*EXERCISE DIRECTIONS*.
Only the lines from the beginning of the entries through the one with "Personalized Stacking Ring" should be written out, please, exactly and without any pictures.

********

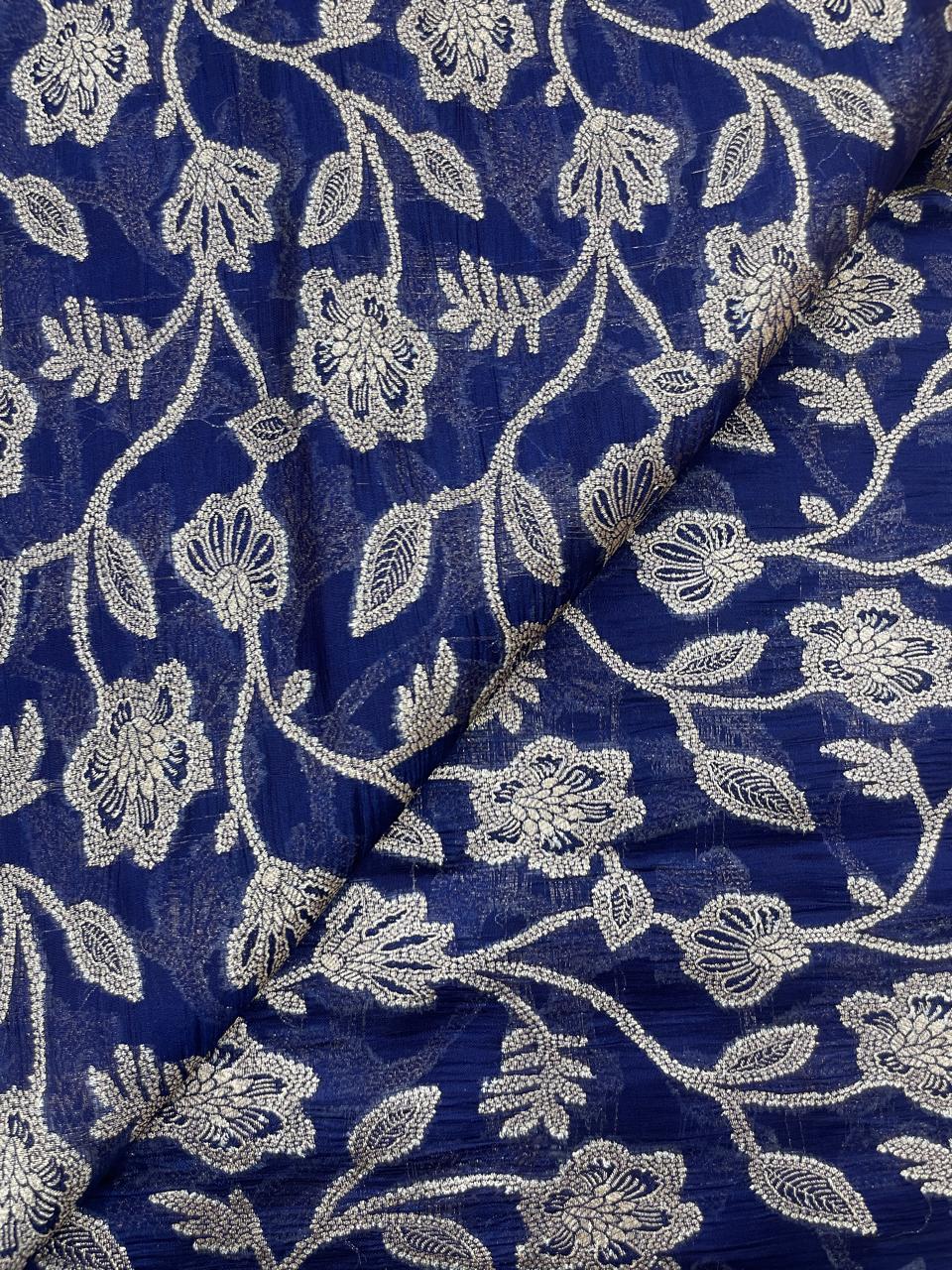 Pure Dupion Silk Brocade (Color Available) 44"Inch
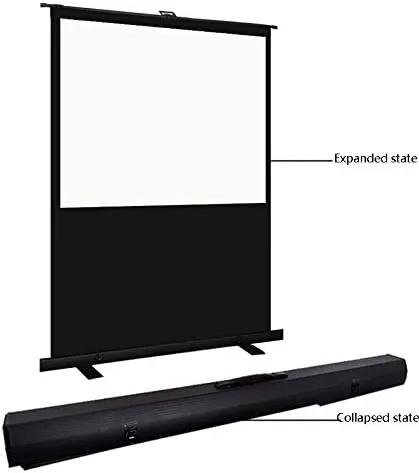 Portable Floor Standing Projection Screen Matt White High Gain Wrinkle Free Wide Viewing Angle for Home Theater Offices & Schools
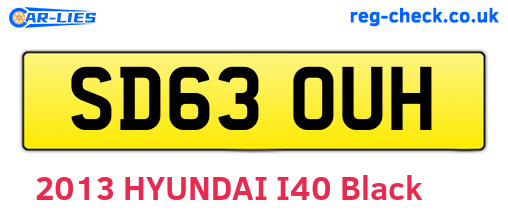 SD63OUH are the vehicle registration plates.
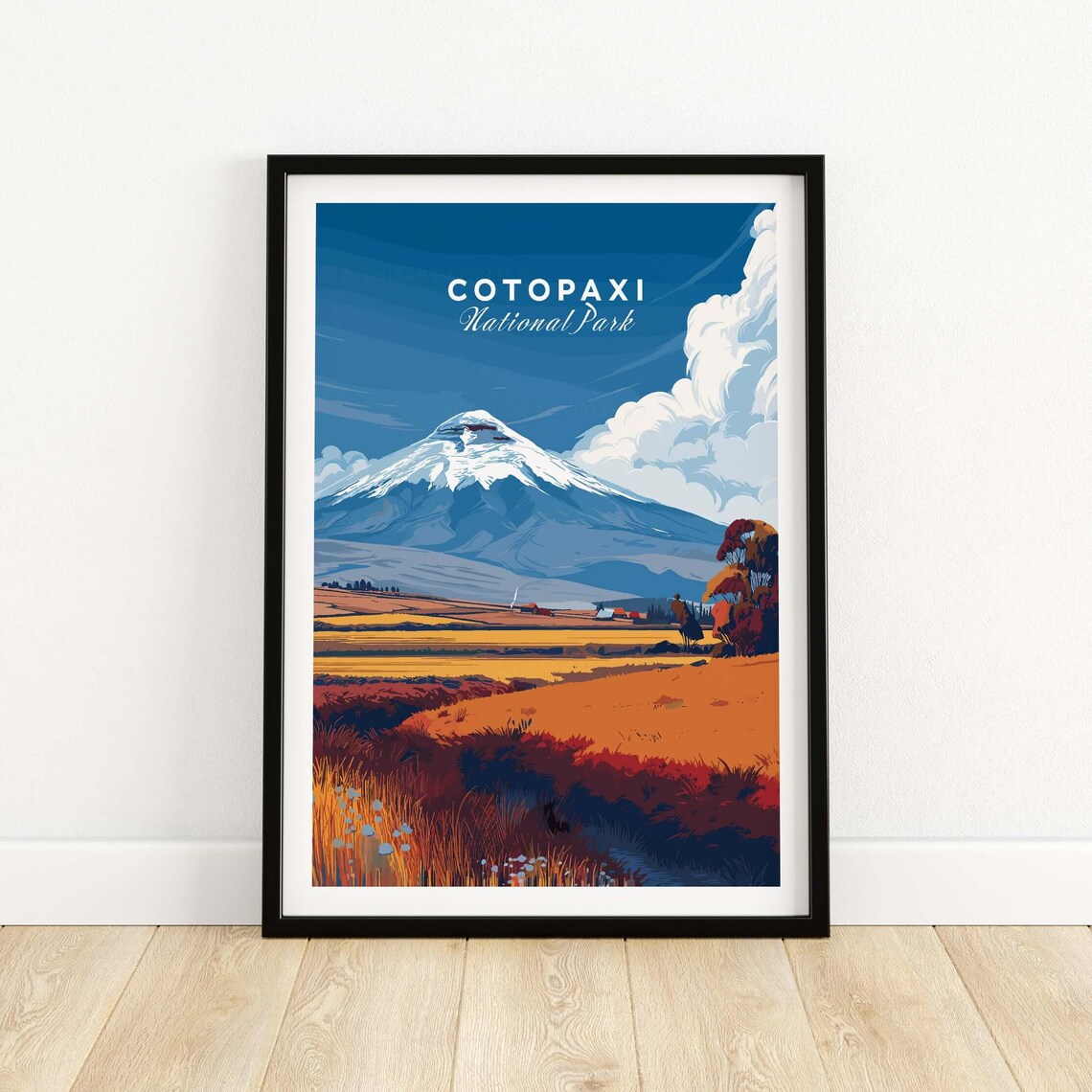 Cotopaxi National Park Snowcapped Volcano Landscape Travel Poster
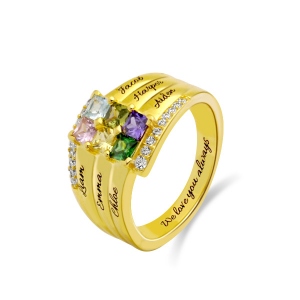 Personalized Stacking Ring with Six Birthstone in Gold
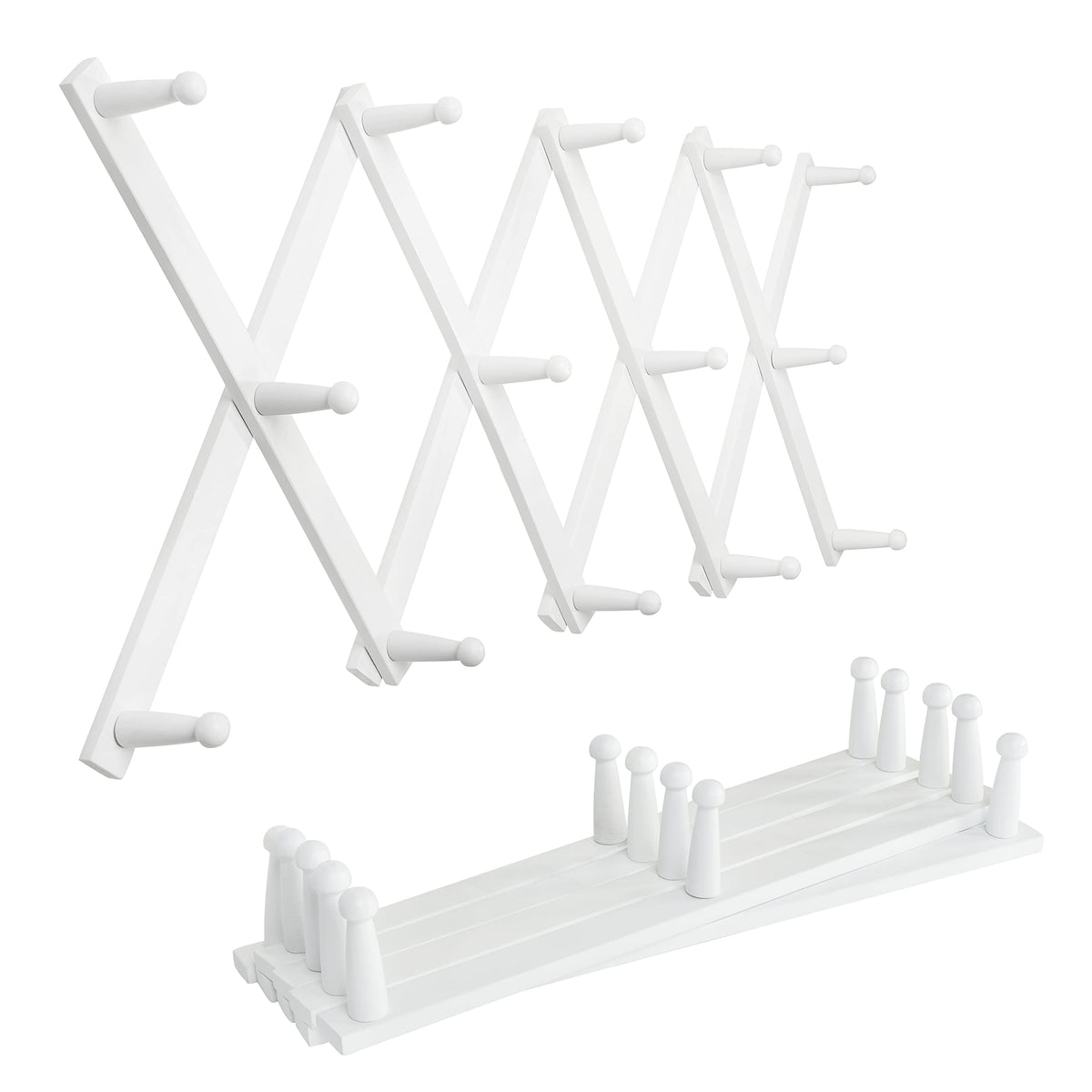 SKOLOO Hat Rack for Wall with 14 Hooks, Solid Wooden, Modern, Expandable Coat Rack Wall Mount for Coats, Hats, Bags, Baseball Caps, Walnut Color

********

*TASK OUTPUT*.
 Pure Dupion Silk Brocade (Color Available) 44"Inch
 Portable Floor Standing Projection Screen Matt White High Gain Wrinkle Free Wide Viewing Angle for Home Theater Offices & Schools
 SD63OUH are the vehicle registration plates.
 Cotopaxi National Park Snowcapped Volcano Landscape Travel Poster
 Personalized Stacking Ring with Six Birthstone in Gold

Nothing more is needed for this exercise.